(Beginning of The input)
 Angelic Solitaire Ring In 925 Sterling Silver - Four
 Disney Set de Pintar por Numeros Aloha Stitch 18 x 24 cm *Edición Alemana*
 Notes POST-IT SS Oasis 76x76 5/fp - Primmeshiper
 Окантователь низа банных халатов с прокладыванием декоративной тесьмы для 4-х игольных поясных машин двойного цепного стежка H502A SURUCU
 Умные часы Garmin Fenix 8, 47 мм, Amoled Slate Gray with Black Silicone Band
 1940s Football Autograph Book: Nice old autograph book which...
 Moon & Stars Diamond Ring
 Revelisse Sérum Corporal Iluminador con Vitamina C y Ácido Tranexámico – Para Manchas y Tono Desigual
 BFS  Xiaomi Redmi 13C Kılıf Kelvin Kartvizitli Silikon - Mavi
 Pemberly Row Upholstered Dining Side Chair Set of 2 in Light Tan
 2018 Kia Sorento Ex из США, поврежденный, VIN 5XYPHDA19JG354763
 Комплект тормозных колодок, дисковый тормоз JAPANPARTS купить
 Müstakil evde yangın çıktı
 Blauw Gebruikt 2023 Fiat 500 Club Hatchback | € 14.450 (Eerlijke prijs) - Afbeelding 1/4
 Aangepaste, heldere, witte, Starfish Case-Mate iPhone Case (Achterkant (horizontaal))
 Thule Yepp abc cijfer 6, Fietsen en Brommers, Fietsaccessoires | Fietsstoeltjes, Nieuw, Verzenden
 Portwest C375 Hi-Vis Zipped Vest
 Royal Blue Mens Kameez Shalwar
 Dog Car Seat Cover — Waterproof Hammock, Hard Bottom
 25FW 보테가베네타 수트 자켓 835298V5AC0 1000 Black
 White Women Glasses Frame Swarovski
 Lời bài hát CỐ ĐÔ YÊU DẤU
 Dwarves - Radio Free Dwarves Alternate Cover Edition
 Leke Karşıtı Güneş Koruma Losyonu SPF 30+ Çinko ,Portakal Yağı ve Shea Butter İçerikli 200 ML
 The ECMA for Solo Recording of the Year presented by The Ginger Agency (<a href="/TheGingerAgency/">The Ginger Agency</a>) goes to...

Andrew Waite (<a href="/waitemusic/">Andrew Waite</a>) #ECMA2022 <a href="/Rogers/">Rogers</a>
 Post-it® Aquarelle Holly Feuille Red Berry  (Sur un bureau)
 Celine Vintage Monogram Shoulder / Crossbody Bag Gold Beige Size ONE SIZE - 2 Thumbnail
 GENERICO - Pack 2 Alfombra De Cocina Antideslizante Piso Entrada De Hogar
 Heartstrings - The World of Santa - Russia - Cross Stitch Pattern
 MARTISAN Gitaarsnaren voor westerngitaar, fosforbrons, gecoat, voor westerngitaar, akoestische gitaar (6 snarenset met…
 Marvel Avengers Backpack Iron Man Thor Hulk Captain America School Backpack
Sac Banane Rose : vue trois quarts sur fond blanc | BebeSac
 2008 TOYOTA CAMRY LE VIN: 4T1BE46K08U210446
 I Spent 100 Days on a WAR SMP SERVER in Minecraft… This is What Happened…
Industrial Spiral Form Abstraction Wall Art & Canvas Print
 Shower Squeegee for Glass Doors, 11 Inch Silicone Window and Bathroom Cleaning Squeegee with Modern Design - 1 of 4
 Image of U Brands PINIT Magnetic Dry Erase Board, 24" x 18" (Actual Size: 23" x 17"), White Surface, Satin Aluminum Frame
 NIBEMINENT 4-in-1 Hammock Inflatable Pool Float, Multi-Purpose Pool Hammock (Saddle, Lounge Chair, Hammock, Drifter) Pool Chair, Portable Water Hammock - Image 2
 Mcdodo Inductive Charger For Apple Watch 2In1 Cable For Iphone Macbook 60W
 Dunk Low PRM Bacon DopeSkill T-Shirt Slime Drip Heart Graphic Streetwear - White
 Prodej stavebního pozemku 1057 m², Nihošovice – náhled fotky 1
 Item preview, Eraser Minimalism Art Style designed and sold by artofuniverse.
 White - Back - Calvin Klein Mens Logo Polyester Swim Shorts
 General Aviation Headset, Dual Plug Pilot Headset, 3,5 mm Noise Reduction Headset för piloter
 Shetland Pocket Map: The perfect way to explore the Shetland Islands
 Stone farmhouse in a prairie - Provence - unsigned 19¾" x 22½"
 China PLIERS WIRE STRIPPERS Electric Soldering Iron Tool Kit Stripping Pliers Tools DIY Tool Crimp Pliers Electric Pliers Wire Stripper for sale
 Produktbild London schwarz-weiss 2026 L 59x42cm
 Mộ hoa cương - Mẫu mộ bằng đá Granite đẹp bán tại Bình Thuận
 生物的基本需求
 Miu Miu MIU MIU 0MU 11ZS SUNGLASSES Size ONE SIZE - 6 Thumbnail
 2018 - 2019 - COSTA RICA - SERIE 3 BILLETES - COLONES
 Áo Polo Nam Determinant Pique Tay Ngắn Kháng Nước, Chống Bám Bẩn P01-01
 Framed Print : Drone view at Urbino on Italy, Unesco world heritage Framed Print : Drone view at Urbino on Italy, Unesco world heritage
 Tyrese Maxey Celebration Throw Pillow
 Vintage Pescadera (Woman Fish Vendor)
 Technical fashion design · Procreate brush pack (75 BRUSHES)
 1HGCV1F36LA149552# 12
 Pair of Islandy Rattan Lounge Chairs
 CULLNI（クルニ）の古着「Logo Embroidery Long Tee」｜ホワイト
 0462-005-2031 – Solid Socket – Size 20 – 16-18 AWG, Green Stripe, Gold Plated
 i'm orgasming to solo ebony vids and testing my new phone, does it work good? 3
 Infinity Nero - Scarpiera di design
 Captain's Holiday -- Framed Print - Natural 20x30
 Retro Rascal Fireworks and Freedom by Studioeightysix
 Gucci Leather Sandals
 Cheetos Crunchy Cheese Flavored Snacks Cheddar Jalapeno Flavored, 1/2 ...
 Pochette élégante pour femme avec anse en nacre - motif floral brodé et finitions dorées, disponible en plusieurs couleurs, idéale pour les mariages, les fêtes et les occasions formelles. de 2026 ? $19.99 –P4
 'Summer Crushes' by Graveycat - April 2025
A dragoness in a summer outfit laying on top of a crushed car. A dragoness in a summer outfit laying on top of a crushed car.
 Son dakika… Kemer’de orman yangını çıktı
(End of The input)
> [Exercise instructions]: What you give back should be exactly the lines of the data above from the line with "NIBEMINENT 4-in-1 Hammock" through the line with "Áo Polo Nam", both of those included, and nothing more.

> [Output of the exercise]:
 NIBEMINENT 4-in-1 Hammock Inflatable Pool Float, Multi-Purpose Pool Hammock (Saddle, Lounge Chair, Hammock, Drifter) Pool Chair, Portable Water Hammock - Image 2
 Mcdodo Inductive Charger For Apple Watch 2In1 Cable For Iphone Macbook 60W
 Dunk Low PRM Bacon DopeSkill T-Shirt Slime Drip Heart Graphic Streetwear - White
 Prodej stavebního pozemku 1057 m², Nihošovice – náhled fotky 1
 Item preview, Eraser Minimalism Art Style designed and sold by artofuniverse.
 White - Back - Calvin Klein Mens Logo Polyester Swim Shorts
 General Aviation Headset, Dual Plug Pilot Headset, 3,5 mm Noise Reduction Headset för piloter
 Shetland Pocket Map: The perfect way to explore the Shetland Islands
 Stone farmhouse in a prairie - Provence - unsigned 19¾" x 22½"
 China PLIERS WIRE STRIPPERS Electric Soldering Iron Tool Kit Stripping Pliers Tools DIY Tool Crimp Pliers Electric Pliers Wire Stripper for sale
 Produktbild London schwarz-weiss 2026 L 59x42cm
 Mộ hoa cương - Mẫu mộ bằng đá Granite đẹp bán tại Bình Thuận
 生物的基本需求
 Miu Miu MIU MIU 0MU 11ZS SUNGLASSES Size ONE SIZE - 6 Thumbnail
 2018 - 2019 - COSTA RICA - SERIE 3 BILLETES - COLONES
 Áo Polo Nam Determinant Pique Tay Ngắn Kháng Nước, Chống Bám Bẩn P01-01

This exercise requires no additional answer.